Time is something most people rarely seem to have enough of, except in the case of 18-year old Lynn Schulze, who was last seen walking across the Middlebury College campus more than 4 decades ago.
Middlebury Police Officer Vegar Boe is the 6th investigator assigned to find out what happened to this bright Connecticut teenager.
"I have her picture sitting right on my desk and I see it every day," said Boe.
According to the Middlebury Police report, on December 10th, 1971, Lynne was walking with friends on the Middlebury Campus on her way to an exam.
"For some reason she leaves the group to go back to her room," said Boe.
And that's when the home sick teenager, who was just days away from going home to her family for winter break, appeared to simply vanish.
"None of it makes sense. It's not like my sister to decide no, I'm not going to do this, and just take off," said Lynne's sister Anne Schulze.
Time worked against this case from the start.
Because 6 days passed before Lynne was reported missing, before police launched their investigation and, more importantly, before they started questioning people who were the last to see her.
"The more time between the incident they saw and the time it takes for you to interview them obviously, the memory is going to start to diminish," said Boe.
While investigators tried to play catch up on a case that got a head start without them, Lynne
Schulze's family tried to make sense out of the unthinkable.
"It turned out family upside down and completely changed all of our lives," said Anne Schulze.

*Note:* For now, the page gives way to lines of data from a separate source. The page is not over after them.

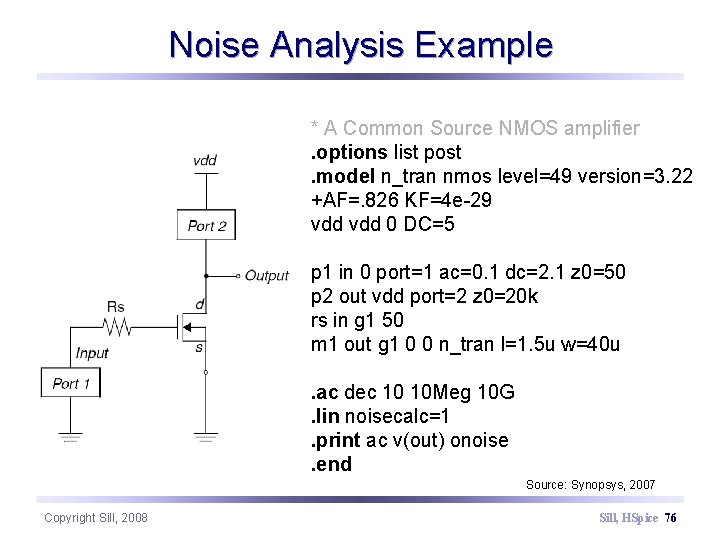 Noise Analysis Example * A Common Source NMOS amplifier. options list post. model n_tran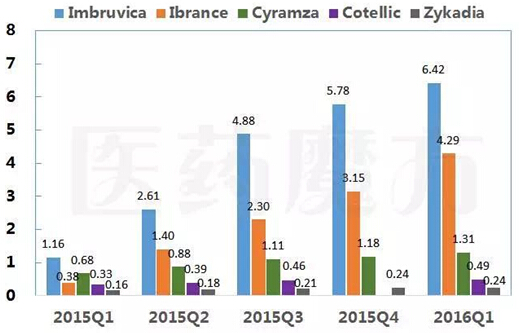 亿万先生mr·(中国区)官方网站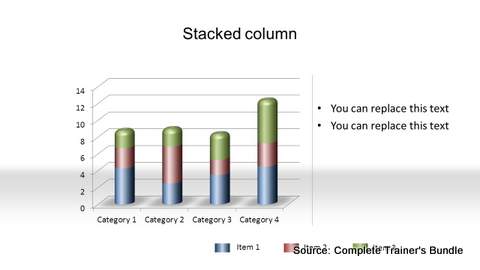 PowerPoint Column Charts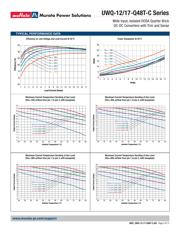 UWQ-12/17-Q48PTB9-C datasheet.datasheet_page 5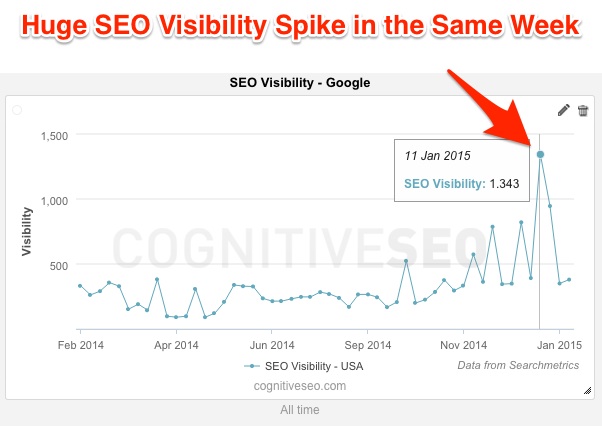 cognitiveSEO Huge SEO Visibility Spike cognitiveSEO Huge SEO Visibility Spike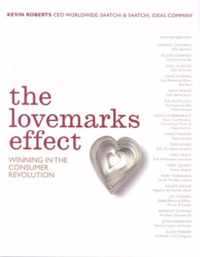 Lovemarks in Action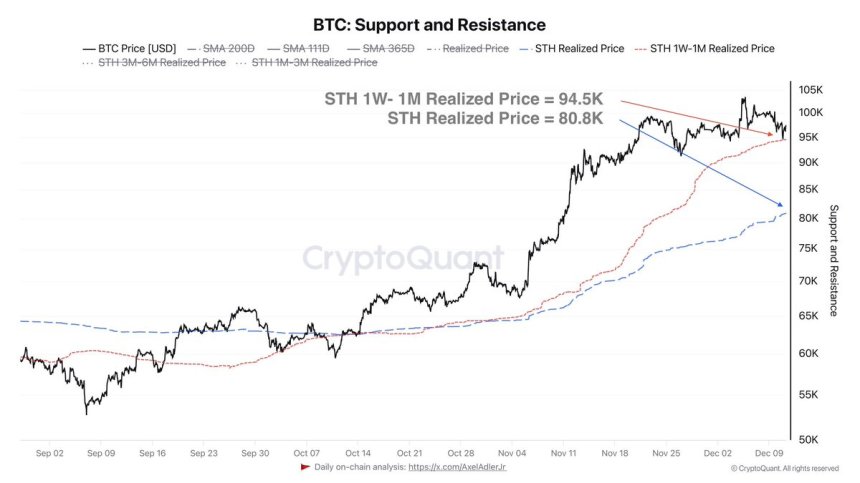 Bitcoin STH 1W-1M Premio realizado = $94.5K 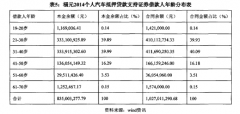 汽车金融公司资产证券化研究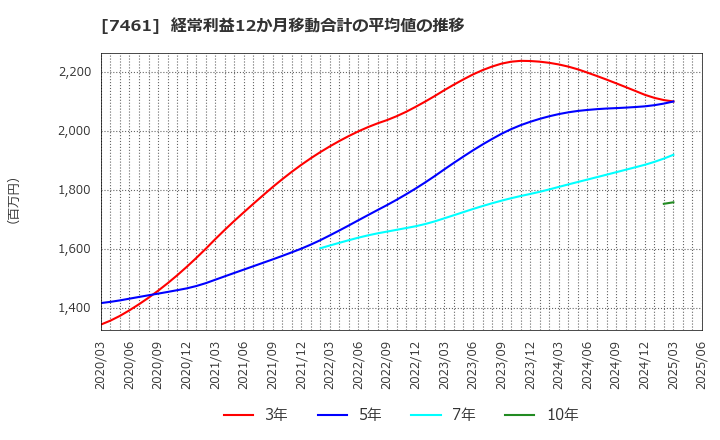 7461 (株)キムラ: 経常利益12か月移動合計の平均値の推移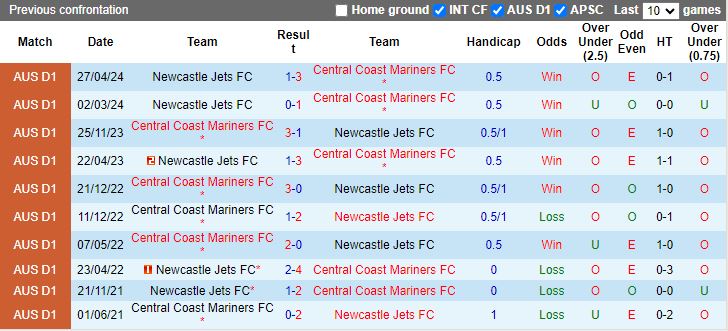 Nhận định, Soi kèo Newcastle Jets vs Central Coast Mariners, 16h00 ngày 22/11 - Ảnh 3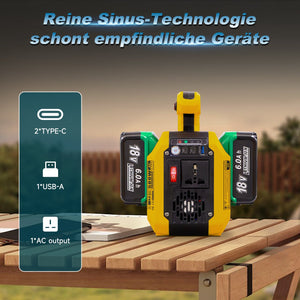 DATOUBOSS 500W Portable Power Inverter, Dual Battery Slots, 8–15H Runtime, Compatible with DeWalt & Milwaukee Batteries, Supports 10,000mAh+ Lithium Batteries, Dual 18W USB-C, USB Output, 500lm LED Floodlight for Camping & Backup Power - DATOUBOSS Rechargeable Lifepo4 Batteries Voltage Converters InverterSP-B25-DT-DAC500W-B-EU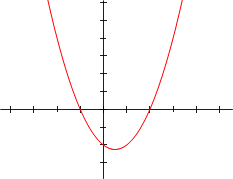 nonlinear relationship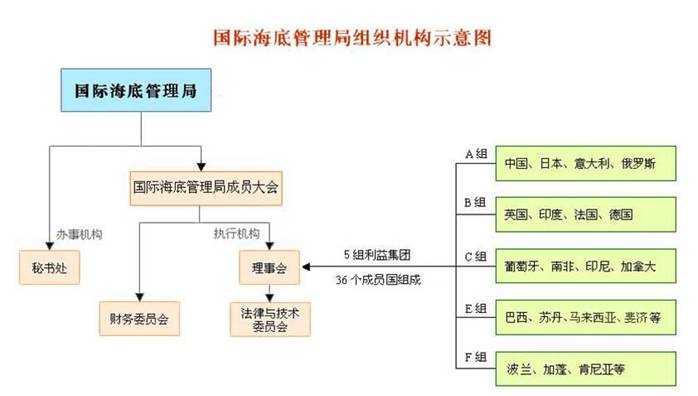 大洋協(xié)會(huì)成立20年大事件：中國(guó)當(dāng)選為國(guó)際海底管理局理事會(huì)成員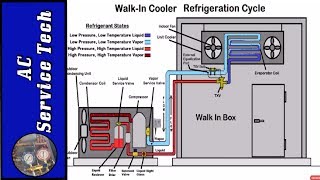 HVACR Refrigeration Cycle Training Superheat and Subcooling [upl. by Ferro]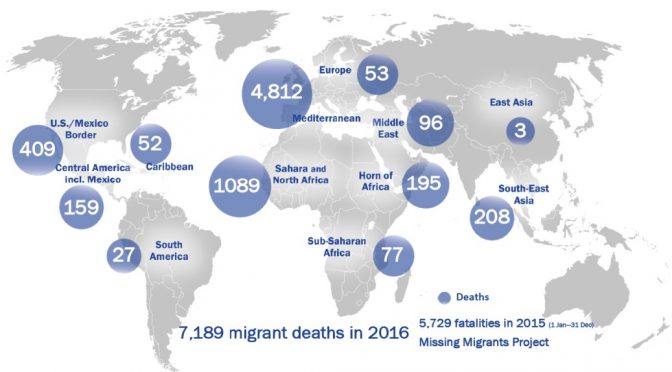 Migrant Deaths 2016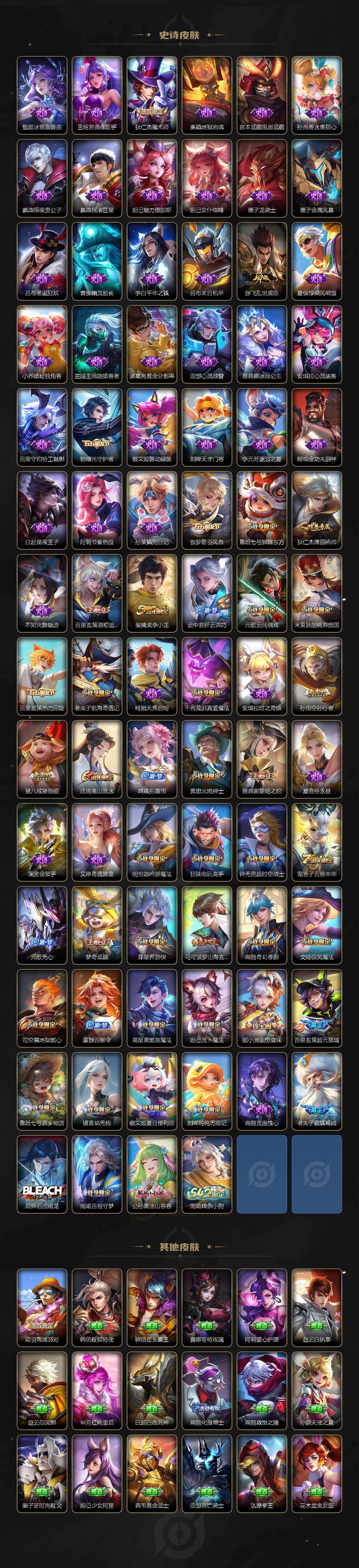 WZKG490584王者荣耀账号详情图4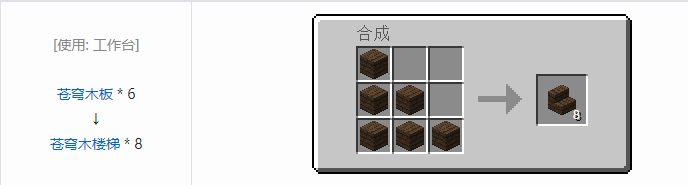 我的世界暮色森林装饰品合成表大全2026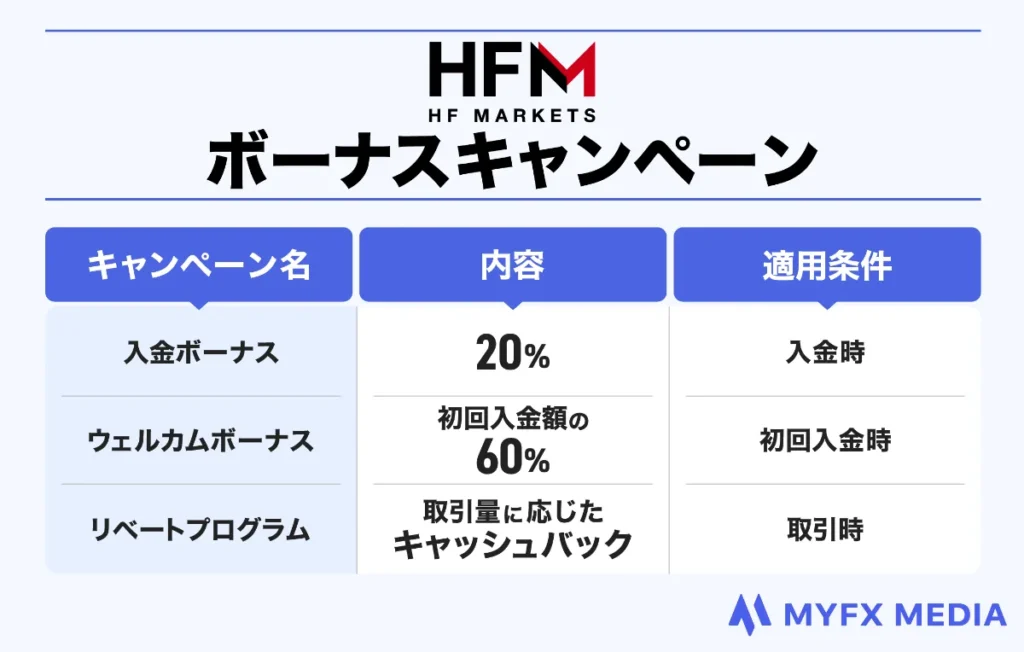 海外FX業者おすすめ比較ランキング8位のHFMのボーナスキャンペーン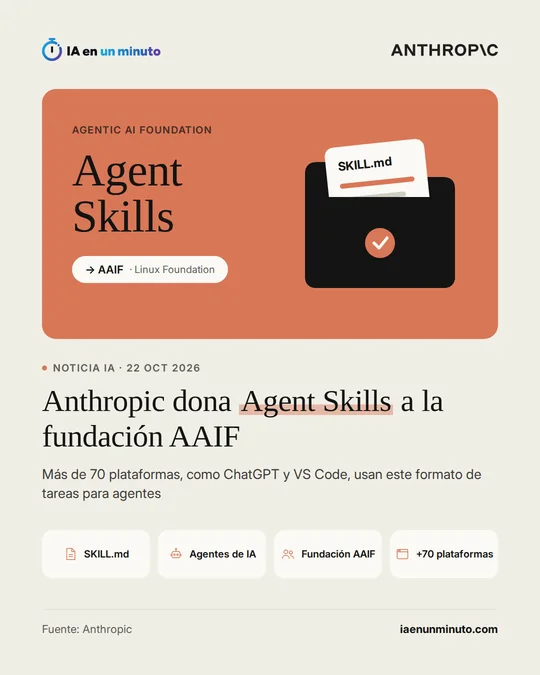 Imagen de IA en un minuto con el titular «Anthropic dona Agent Skills a la fundación AAIF»: una carpeta negra con un archivo SKILL.md sobre fondo naranja, el texto «→ AAIF · Linux Foundation» y cuatro iconos: SKILL.md, agentes de IA, fundación AAIF y más de 70 plataformas.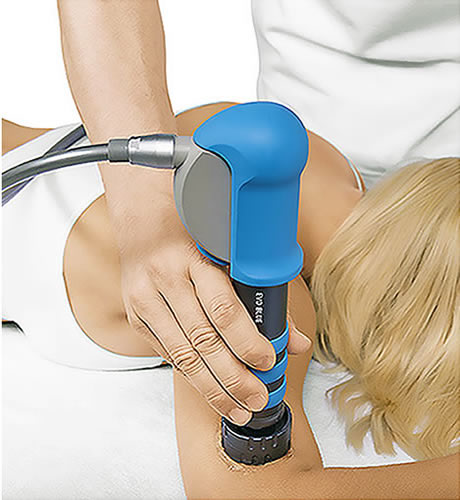 Πώς εφαρμόζεται η CT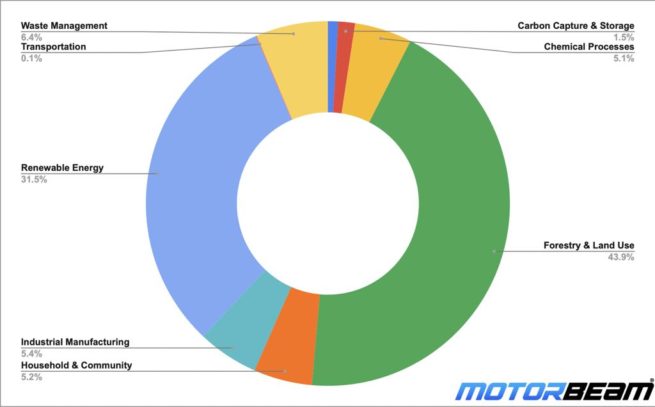 Voluntary-Registry-Data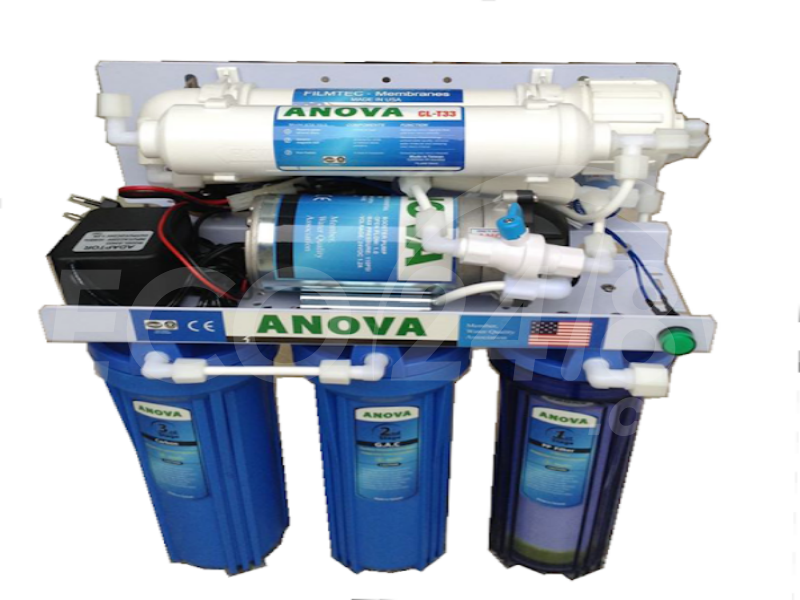 Máy lọc nước Anova là thương hiệu được nhiều người ưa chuộng hiện nay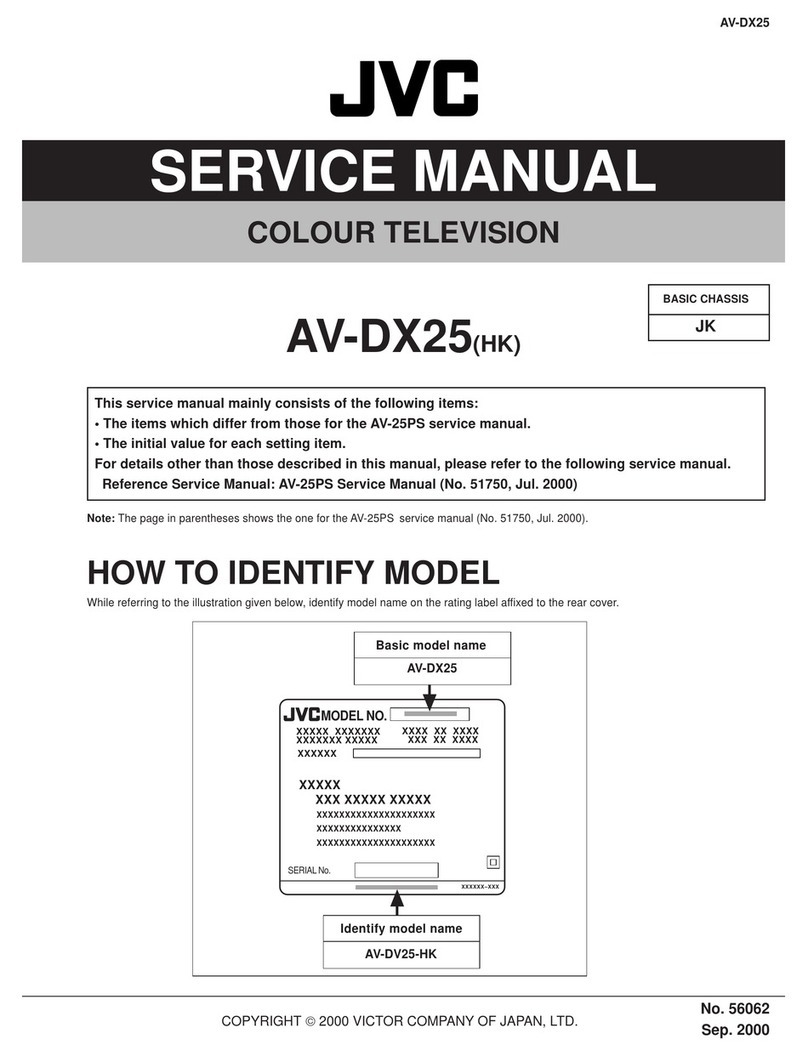 JVC AV-DX25 User manual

Once news of her disappearance began to spread, police started receiving reports from people who claimed to have seen Lynn Schulze all over Vermont, hitchhiking and getting on a bus.
The most credible sighting came from a Colchester Police officer who reported seeing Lynne on Church Street in Burlington with a group of people, fueling speculation that she simply dropped out of society.
"It was very difficult to dispel that," said Anne Schulze.
She says she doesn't buy that notion today, that her sister left on her own will, and neither does the investigator who now handles Lynne's case.
"Something violent happened to Lynn, that she was somehow taken against her will and that she was the result of foul play," said Boe.
Forty-one years later time continues to impact this case.
Any clues on the Middlebury campus have long since vanished, and Boe says many of the people who could still shed some light are no longer alive or around.
"Now I don't even have someone to talk to and that's very frustrating," said Boe.
That means that what police and Lynne's family could really use is a miracle.
"What I need is someone to come forward and say, hi I'm Lynne this is why I left," said Boe.
Despite the odds of that miracle happening, both Vegar Boe and Anne Schulze say they still hold out hope in a case with so few clues and too much time.
"Because there is an answer somewhere, there really is an answer and we hope it will be in this lifetime," said Anne Schulze.